Sapient Slingshot differs from traditional tools by inserting a specification layer between legacy code and modern output. According to the source materials, traditional approaches often jump straight from old code to new code, while Sapient Slingshot makes behavior explicit first, then uses that validated specification as the basis for design, generation, testing and traceable modernization.
Can cloud-native developers work on legacy modernization without deep COBOL expertise?
Yes, the source materials say Sapient Slingshot can help cloud-native developers contribute without prior COBOL experience. In the healthcare case study, Publicis Sapient used the platform to help developers migrate legacy code to a modern microservices architecture and generate maintainable Java and React outputs while preserving core functionality through review and validation.
What healthcare use cases are highlighted in the source materials?
The source materials focus on healthcare claims, benefits, enrollment, administration and member or customer service systems. They describe modernization challenges across claims adjudication, benefits processing, enrollment workflows, service applications and legacy administration platforms with large numbers of tightly coupled screens and dependencies.
What outcomes are described in the healthcare modernization case study?
The healthcare case study describes faster migration, lower modernization cost and a more scalable cloud-native foundation. The source materials repeatedly cite modernization of more than 10,000 COBOL and Synon or COBOL green-screen assets, 3x faster migration and improved maintainability, while different documents describe cost reduction as significant and cite figures ranging from 30% to more than 50%.
What business benefits does this modernization approach aim to deliver?
This modernization approach aims to make legacy systems easier to maintain, easier to change and better aligned to modern digital delivery. The source materials connect modernization to lower dependence on scarce legacy specialists, more predictable delivery, stronger cost control, improved user experience, better service resilience and a stronger foundation for continuous innovation.

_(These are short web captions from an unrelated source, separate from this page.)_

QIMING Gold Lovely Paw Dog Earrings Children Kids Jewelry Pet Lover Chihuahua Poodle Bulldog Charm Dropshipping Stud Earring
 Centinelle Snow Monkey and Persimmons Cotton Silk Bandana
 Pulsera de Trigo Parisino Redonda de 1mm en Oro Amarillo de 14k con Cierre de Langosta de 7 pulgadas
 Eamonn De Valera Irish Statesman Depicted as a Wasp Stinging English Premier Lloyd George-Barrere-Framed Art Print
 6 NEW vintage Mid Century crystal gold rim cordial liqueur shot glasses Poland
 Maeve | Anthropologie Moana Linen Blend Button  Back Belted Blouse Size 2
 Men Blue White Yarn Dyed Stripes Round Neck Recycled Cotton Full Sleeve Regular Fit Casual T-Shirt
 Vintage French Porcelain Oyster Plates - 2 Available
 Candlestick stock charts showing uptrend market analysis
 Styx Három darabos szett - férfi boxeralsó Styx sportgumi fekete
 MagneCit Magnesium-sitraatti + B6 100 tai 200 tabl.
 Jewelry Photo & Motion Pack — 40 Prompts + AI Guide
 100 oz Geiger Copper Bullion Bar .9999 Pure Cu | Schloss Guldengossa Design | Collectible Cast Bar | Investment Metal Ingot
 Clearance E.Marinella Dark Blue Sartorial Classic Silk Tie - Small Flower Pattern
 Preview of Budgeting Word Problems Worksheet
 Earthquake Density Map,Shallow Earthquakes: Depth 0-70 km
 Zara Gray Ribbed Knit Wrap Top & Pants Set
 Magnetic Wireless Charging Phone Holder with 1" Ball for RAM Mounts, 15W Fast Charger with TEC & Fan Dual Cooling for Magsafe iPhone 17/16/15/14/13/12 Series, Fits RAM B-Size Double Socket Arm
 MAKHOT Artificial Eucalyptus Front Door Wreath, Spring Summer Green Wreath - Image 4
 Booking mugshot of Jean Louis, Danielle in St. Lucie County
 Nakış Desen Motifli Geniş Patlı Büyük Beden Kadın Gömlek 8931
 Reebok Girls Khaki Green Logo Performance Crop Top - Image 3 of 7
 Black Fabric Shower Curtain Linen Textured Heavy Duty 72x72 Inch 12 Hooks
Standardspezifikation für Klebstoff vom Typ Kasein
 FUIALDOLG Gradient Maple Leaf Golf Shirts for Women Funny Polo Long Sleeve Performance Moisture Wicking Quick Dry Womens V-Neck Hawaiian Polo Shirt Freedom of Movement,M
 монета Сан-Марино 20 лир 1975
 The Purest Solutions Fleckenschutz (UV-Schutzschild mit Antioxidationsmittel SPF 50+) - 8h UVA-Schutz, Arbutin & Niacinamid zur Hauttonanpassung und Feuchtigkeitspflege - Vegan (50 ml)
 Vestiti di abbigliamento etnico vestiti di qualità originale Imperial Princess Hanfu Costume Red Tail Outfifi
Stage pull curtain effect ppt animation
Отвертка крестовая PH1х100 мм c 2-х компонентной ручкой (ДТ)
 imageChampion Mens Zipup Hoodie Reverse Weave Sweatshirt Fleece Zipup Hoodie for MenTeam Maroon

How is the service delivered?
The source materials describe the healthcare modernization approach as delivered as a service with outcome-based pricing. They also describe an operating model that combines Sapient Slingshot with integrated delivery teams, agile ways of working, business stakeholder review and shared accountability across engineering, product and business functions.
Is this positioned as a one-time migration or a repeatable modernization model?
Publicis Sapient positions this as a repeatable modernization model, not just a one-time migration. Several source documents describe a governed pipeline or modernization factory that connects code analysis, specification generation, design, code generation, testing, deployment readiness and ongoing support so organizations can modernize portfolios of legacy systems more predictably over time.
What should healthcare leaders understand before choosing a modernization approach?
Healthcare leaders should understand that modernization is described here as a business continuity and control challenge, not just a code conversion project. The source materials emphasize preserving embedded business logic, maintaining traceability, keeping humans in control and building a cloud-native foundation that supports future delivery without recreating legacy constraints.